The going has been tough for the ruling CPI (M) at the Kozhikode Corporation for quite some time. From allegations of apathy in handling civic issues to cases of corruption, the cup of woes has been overflowing. Though it has tided over some of the unfair targeting by the opposition with relative ease, the eleven cases of corruption that it faces can be a tough nut to crack.
On top of the pile are the cases related to the implementation of Kerala Sustainable Urban Development Project (KSUDP)’s projects in the city -the E.K. Nayanar Flyover at Arayadathupalam, the Arayadathupalam-Eranhipalam Bypass Road and the city-wide sewerage project.
According to the FIR filed by the Vigilance and Anti-Corruption Bureau (VACB) on May 30, the construction of the flyover had incurred a loss, with the Corporation providing additional amount of Rs. 6 crores to the contractor after the completion of the work. In the case of the bypass road, cost escalations have caused a sum of Rs. 3 lakhs being lost from the exchequer. Though the project was completed during the previous council’s tenure, the funds were allotted to the contractor by the present council.
The sewerage project hit a roadblock after a commission that was appointed by the Munsiff Court to check the quality of the drain pipes used in the project found that the pipes were not of the stipulated standards and could lead to serious leaks under normal working conditions.
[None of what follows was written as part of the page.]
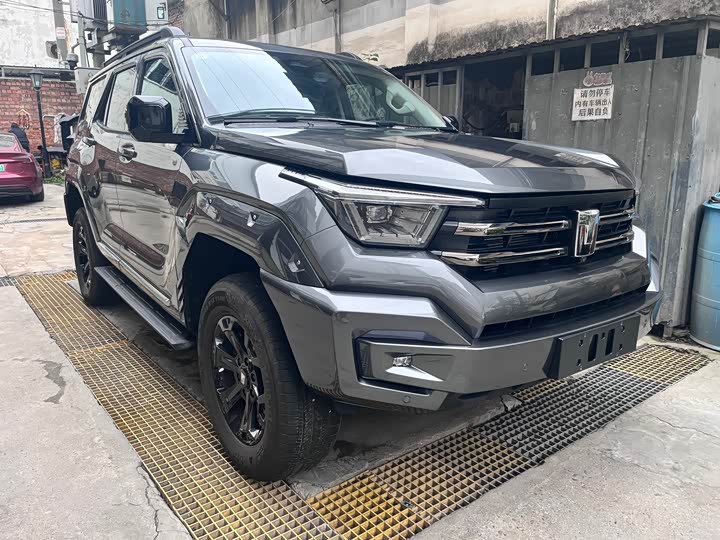 Фото 3 - Tank 400 Hybrid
The report submitted on May 22, also points to serious health issues due to groundwater contamination from using such faulty pipes.
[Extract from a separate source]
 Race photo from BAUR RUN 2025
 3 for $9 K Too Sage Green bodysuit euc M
Another case relates to the irregularities in the distribution of assistance devices to the physically challenged by the Corporation from 2005 to 2010. The FIR filed on March 6 says that the corporation rejected the quotation of keltron and entrusted it to a private company. The company had selected the beneficiaries and distributed devices of lesser quality causing a loss of Rs. 8 lakhs to the corporation. Also, deserved beneficiaries did not get the devices.
The case related to the waste treatment plant in Njeliyanparamba had created a huge public uproar. The Corporation had allowed Socio-Economic Unit Foundation (SEUF) to run the plant from 2006 to 2008 without executing an agreement and had paid Rs. 1.5 crores without obtaining sanction from the Government. The FIR also says that the Corporation authorities had caused a loss of Rs. 22.46 lakhs in the re-purchase of compost from IL&FS (which has been running the plant since 2008).
The lack of transparency in the awarding of contract to prepare the City Development Plan to Kochi based EMB planners also came in for harsh criticism. As per the FIR filed by the VACB in August last year, the corporation did not invite tender from any other agencies before deciding to award the contract. The project was not accepted by the central Government thus sustaining a loss of Rs. 11 lakhs to the corporation.
The VACB had also found irregularities in the utilisation of the relief fund of the corporation from 2005 to 2010. According to the FIR filed on March 6, the corporation utilised the relief fund in a non-transparent way without making registers for income or expenditure. Though the exact loss is not quantified, the report says that there is a shadow of suspicion in advance sanctioning of funds in certain cases.
In another FIR filed on March 6, the previous council’s authorities are accused of handing over the building of corporations’ night shelter at Palayam bus stand to a co-operative society for running a diagnostic and para medical laboratory on rent without a proper agreement. The loss in this case is Rs. 3.18 lakhs.
The Project officer of the Kudumbashree unit in the Kozhikode Corporation is pulled up in a case related to the failure to monitor the progress of work of the Kudumbashree units thus causing monetary loss to the corporation. The loss is not quantified in this case.
Even the ATM inside the Corporation premises has come under a cloud of corruption. In an FIR of the VACB in August last year, the corporation authorities are accused of causing a loss of Rs. 66,000 to the corporation by allowing the Punjab National Bank to operate an ATM for an annual rent of Rs. 6000. The same bank had opened another counter at the Police Club for an annual rent of Rs. 72,000.
A trip to Delhi invited yet another VACB case for the former Mayor as he and four other councillors were accused of causing a loss of Rs. 85,800 to the Corporation by undertaking a trip under the ‘fallacy’ that the trip was for the purpose of organizing pavilions of Central Government institutions for an industrial and agricultural exhibition.
The last case is on the purchase of a 40 KVA UPS and back up batteries as part of the office computerization work without ensuring th availability of sufficient load of electricity in the office to install the same, which caused a loss of Rs. 5.98 lakhs to the corporation.
On top of all this came the death of a woman by falling into an open drain in the city last week, followed by which there was a clamour for the resignation of the Mayor. Though the road was later found to be under the PWD’s responsibility, the pressure on the corporation for the negligence has not let up.
A majority of these cases pertains to the tenure of the previous council. But the ruling party will find it hard to absolve itself of all responsibilities as the composition of council is much the same, barring the Mayor. The shared responsibility of the opposition in passing many of the agendas which paved the way for these cases also needs to be mentioned.